We Four in Egypt

Now back in the US!

Whirling turkeys

Today is Thanksgiving, or, as we irreverently say in the States, Turkey Day.

We spent Thanksgiving eve not driving several hours on crowded interstates to visit cousins as is the American tradition, but instead watching some traditional Egyptian dancing. The real Sufi Dancers and Whirling Dervishes are actually in the midst of a religious celebration when they spin in circles.

Fake Sufi Dancers wear incredibly colorful skirts, almost like tapestries, and twirl for pay. And it is incredible. The dancer we saw spun himself, continuously, for over 15 minutes. Without falling or throwing up or anything.
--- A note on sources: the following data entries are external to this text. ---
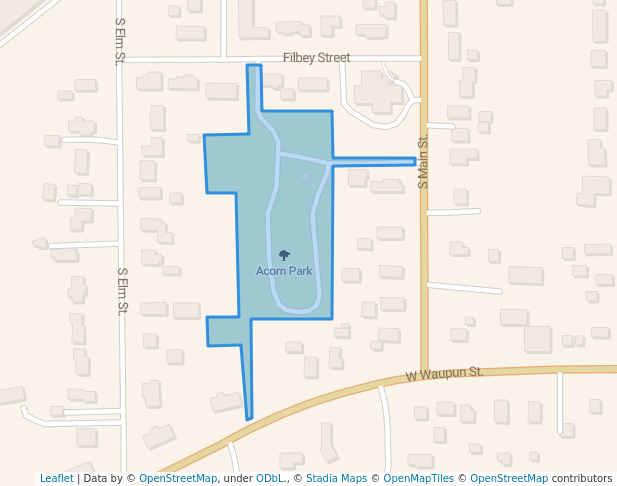 walking in Acorn Park map in Oakfield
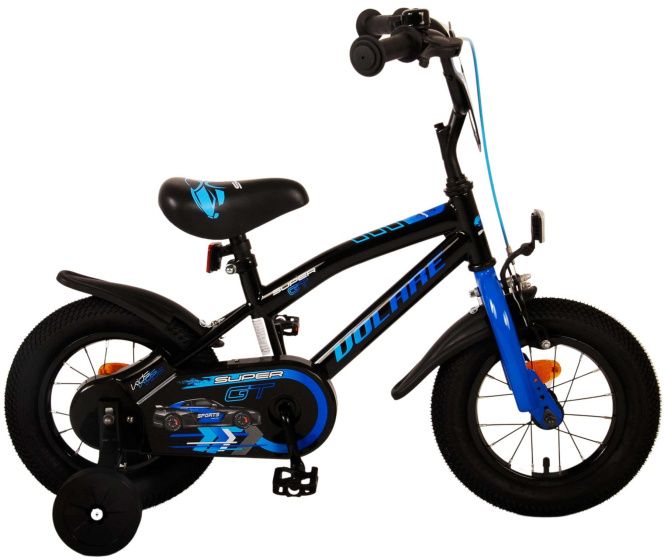 Volare Super GT 12 Zoll 21,5 cm Jungen Fahrrad Velo Schwarz/Blau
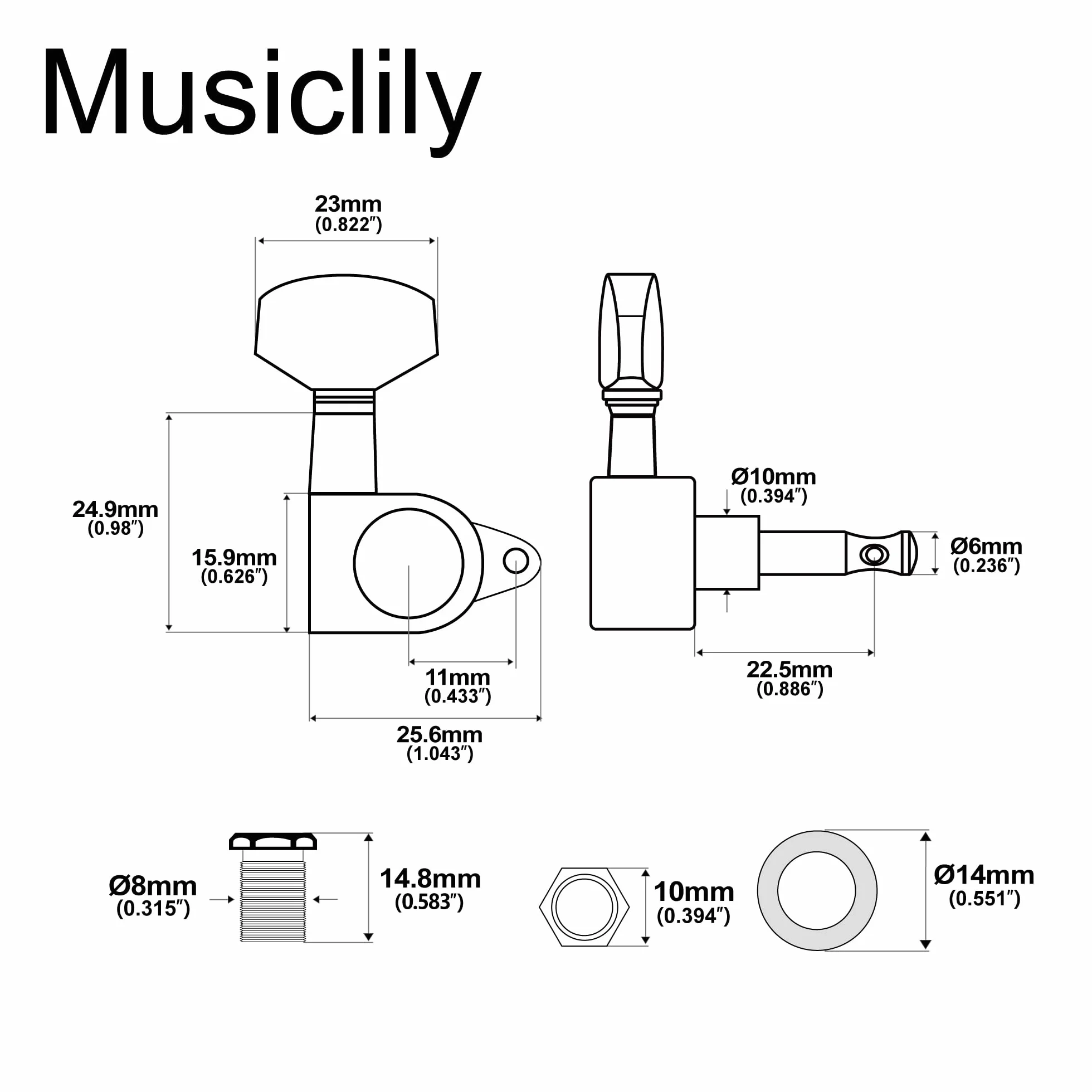 Musiclily Pro 3L+3R Klucze Gitaryowe Tunery Kołki do Strojenia do Gitary Elektrycznej Akustycznej typu Les Paul, Czarny Duży Guziki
He even smiled much of the time.

So that was a great way to spend a non-traveling Thanksgiving Eve.

The boys have been learning all about Thanksgiving at school. Bug cheerfully informed us there were people on a boat and they wanted to eat. Also, turkeys were involved. And Indians.

Giggle’s more sophisticated understanding extends to Pilgrims and Indians.

I told the boys, “Call them Native Americans.” Bug said, “No, the Indian didn’t have a name.”

I finally convinced the boys to use the term “First Americans.” For at least five minutes

We’re enjoying a quiet morning at home–watching not the Macy’s Parade but Kung Fu Panda–and will spend the afternoon and evening enjoying dinner with friends, as is the expat way.

Happy Thanksgiving, friends.


27 November 2008 - Posted by | bug, giggle, holidays, our life in egypt


  1. In Canada we use the term “First Peoples.” Or at least that was the PC term a few years ago, who knows what it is today.

    Happy Thanksgiving!! 🙂

    Comment by Typ0 | 27 November 2008

  2. Many prefer Indian to NA, and many simply like to be ID’ed by tribe instead, rejecting the term “American.” Some are okay with any of them; I use them all. I’ve always thought First Peoples or First Nations is very thoughtful. First Americans is nice, if technically inaccurate.

    Comment by J | 27 November 2008

  3. first americans is a great name. thanks for the idea. we also celebrated thanksgiving by watching kung fu panda– good to know its an international trend. happy thanksgiving!

    Comment by Sarah Ryan | 28 November 2008

  4. J, thanks for your input and suggestions. Do you know what tribe would have been in Plymouth when the Mayflower arrived? I should look that up.

    Sarah: ha, yeah, Kung Fu Panda is very international. 🙂

    Comment by Ms. Four | 28 November 2008

  5. Here’s a helpful Wikipedia entry on what they call the “Native American name controversy.”

    Comment by Ms. Four | 28 November 2008

  6. I hope you had a lovely Thanksgiving dinner!